BAB 3. SEPERTI GADIS DALAM LUKISAN (Part 1)

Nyonya Cindy memenuhi janjinya untuk menginap di villa itu selama tiga hari. Banyak kebersamaan yang dilakukan oleh Ibu dan anak itu selama disana. Mulai dari membantu Rangga berkebun, mendampingi Rangga melukis, hingga bertemu dengan guru privat seni kriya yang datang pada saat hari ketiga Nyonya Cindy berada di sana.

Usia Nyonya Cindy yang sudah tidak muda lagi, membuat kesibukannya di dunia bisnis diserahkan sepenuhnya pada Daffa, anak sulungnya. Memang sejak suaminya tiada, ia sempat turut terlibat dalam mengelola perusahaan. Tapi kini ia memilih istirahat. Ia ingin menikmati hari tuanya bersama anak dan cucunya.

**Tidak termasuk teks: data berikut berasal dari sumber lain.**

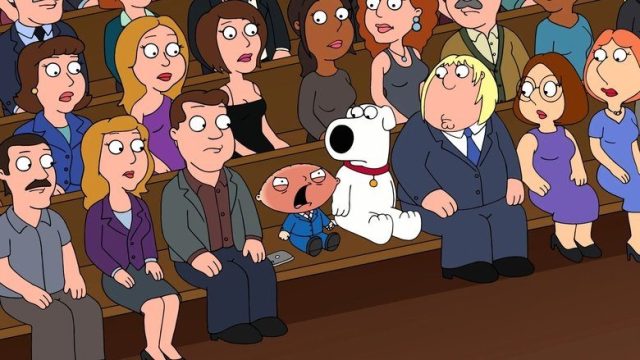Family Guy S19E01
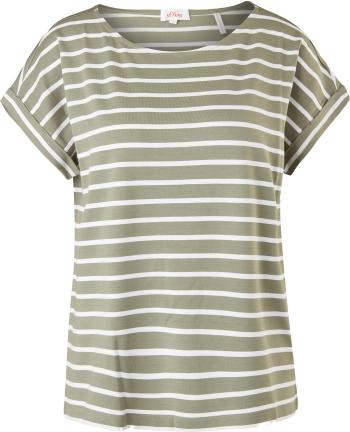 s.Oliver Tricou de damă Loose Fit 14.105.32.X356.78G3 36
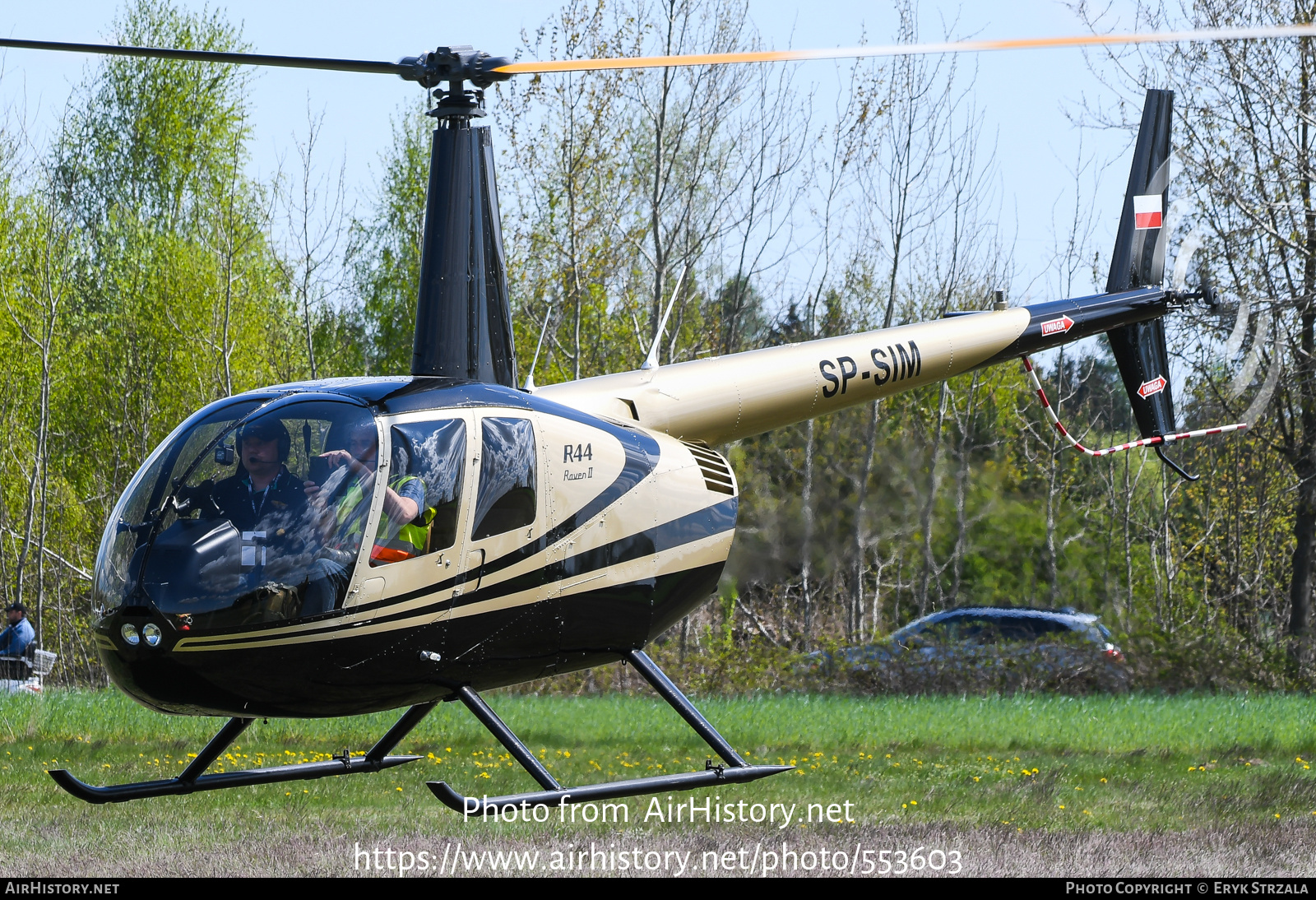 Aircraft Photo of SP-SIM | Robinson R-44 Raven II | AirHistory.net #553603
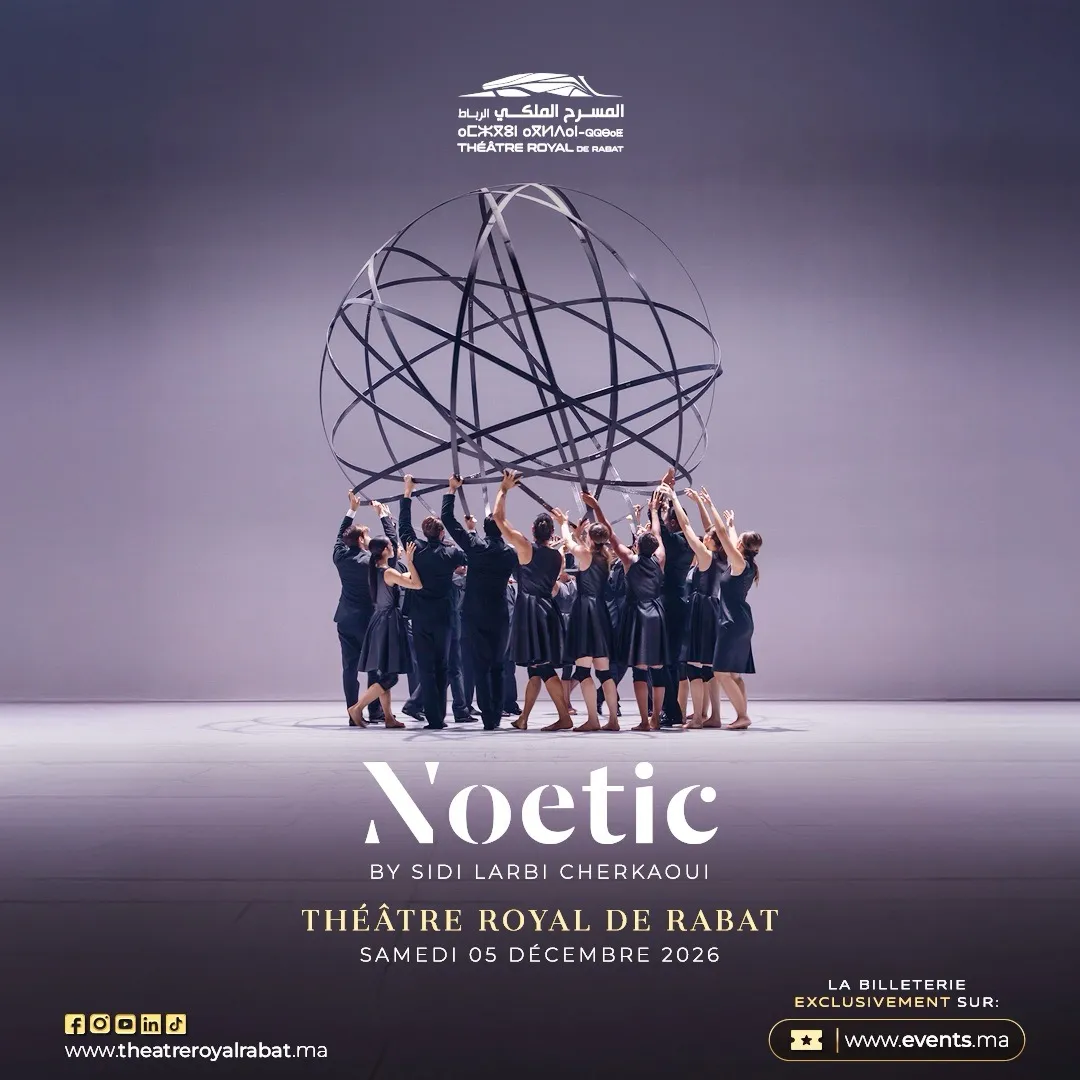 L’immense « Noetic » de Sidi Larbi Cherkaoui s’empare de la capitale !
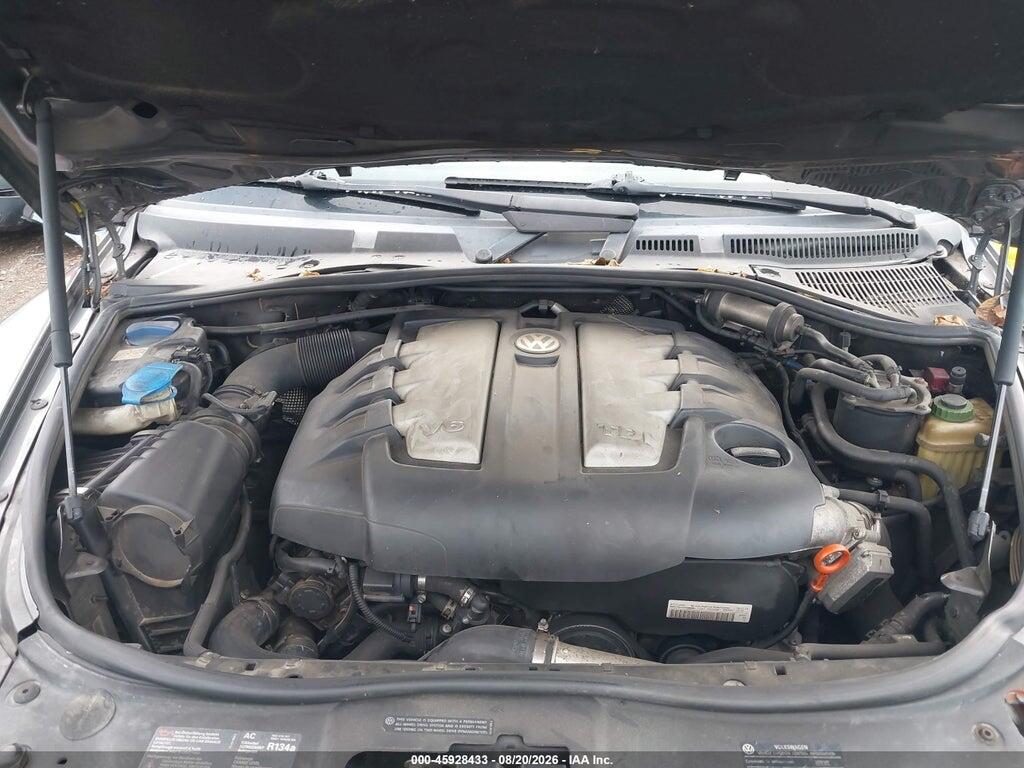 WVGFK7A96AD000360 2010 VOLKSWAGEN TOUAREG photo no. 10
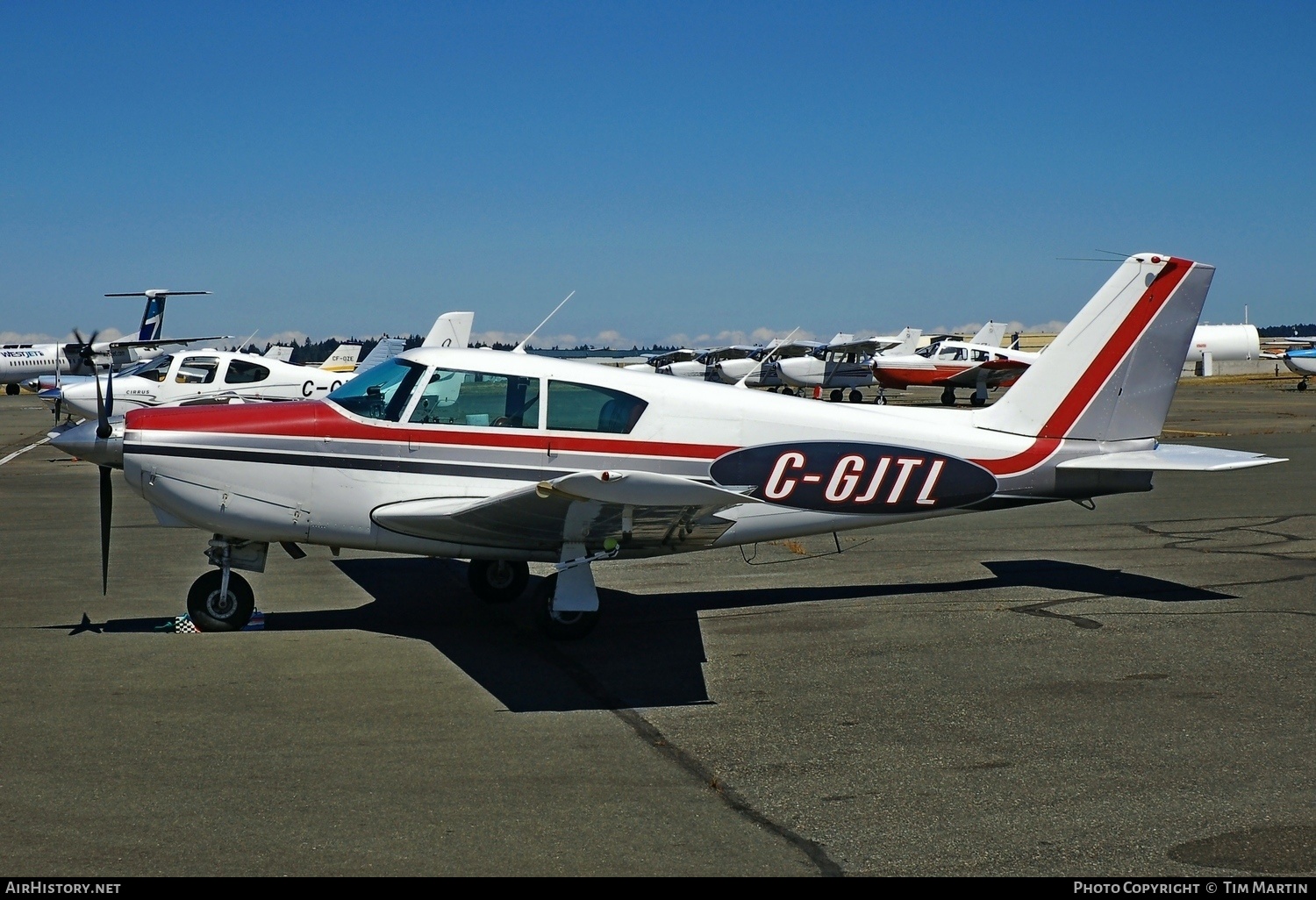 Aircraft Photo of C-GJTL | Piper PA-24-250 Comanche | AirHistory.net #214686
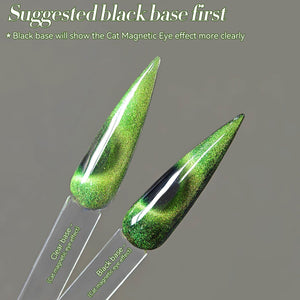 9D Cat Magnetic Gel Polish MY34 Wormhole 15ml HEMA/TPO FREE Gel Nail Polish BORN PRETTY 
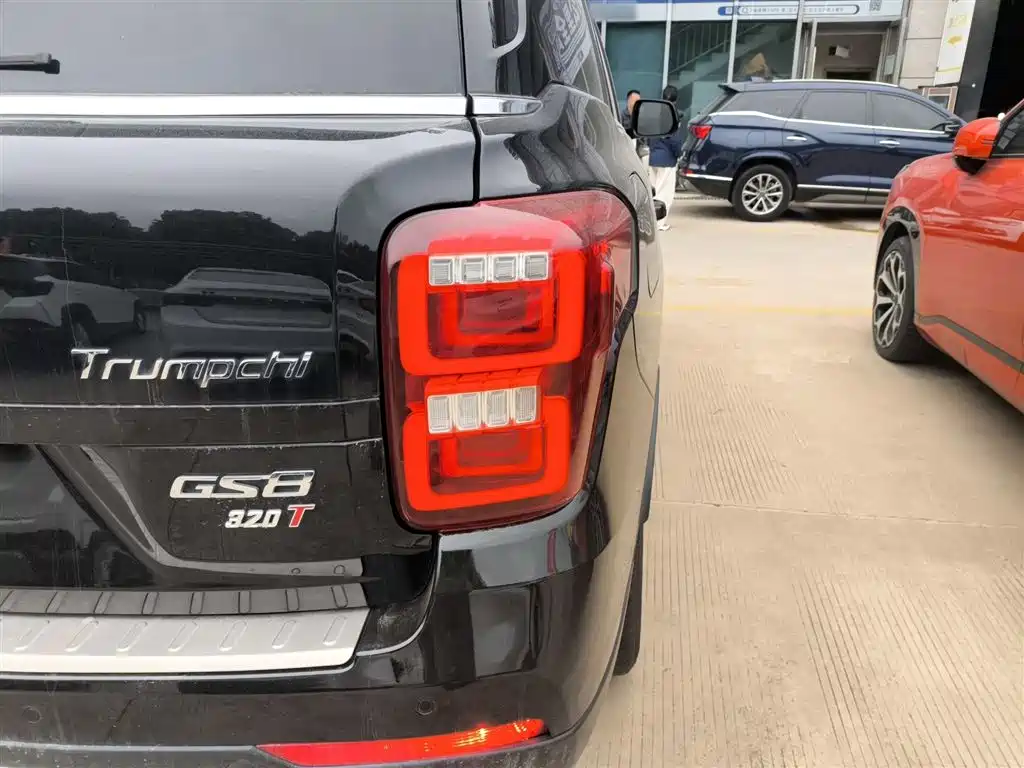 GAC Trumpchi Trumpchi GS8 2017 320T AWD Luxury Smart Connect (7-Seater) фото 8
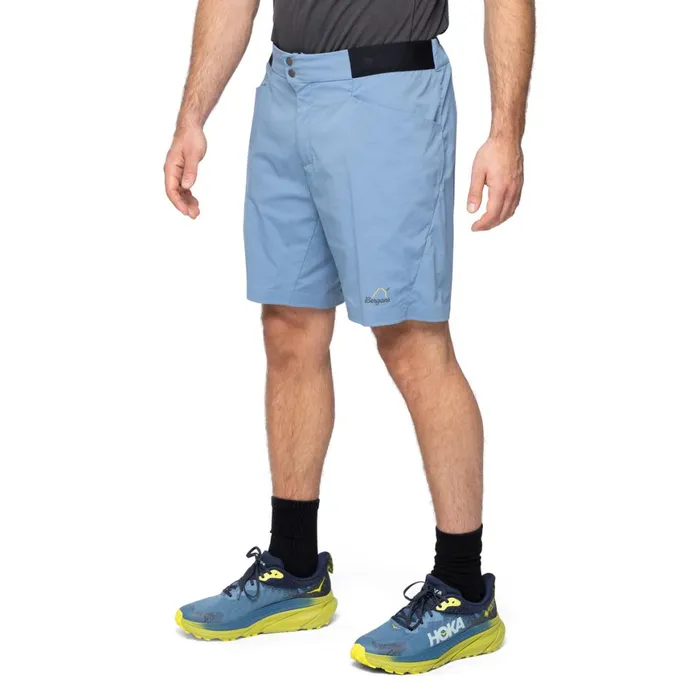 Men Bergans Of Norway Shorts Y Lightline Vapor V2 Shorts Elemental Blue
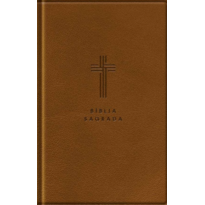 Bíblia Com Mapas Mentais - NVI - Letra Gigante - Marrom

Daffa dan Wulan sudah memberinya cucu. Lalu bagaimana dengan Rangga? Nyonya Cindy merasa masih belum tenang andaikan sewaktu-waktu ia meninggal dunia, tapi Rangga belum hidup bahagia.

Melihat Rangga dengan aktivitasnya yang sekarang terlihat menikmatinya, cukup membuat Nyonya Cindy bernafas lega. Ia berharap suatu saat nanti Rangga akan mendapatkan jodoh lagi untuk menemani Rangga hingga menua.

Setelah melihat-lihat lukisan Rangga, Nyonya Cindypun segera berkemas-kemas untuk kembali ke Jakarta. Nyonya Cindi berjanji akan kembali lagi nanti dua bulan mendatang.

"Kalau hasil kriyamu belum siap, lebih baik kamu membuat pameran lukisanmu saja. Jangan terlalu memaksakan diri. Dua bulan terlalu singkat." kata Nyonya Cindy khawatir target Rangga tidak tercapai.

"Mama nanti yang akan membiayai pameranmu. Nanti biar Wulan yang mempromosikan pameranmu," kata Nyonya Cindy.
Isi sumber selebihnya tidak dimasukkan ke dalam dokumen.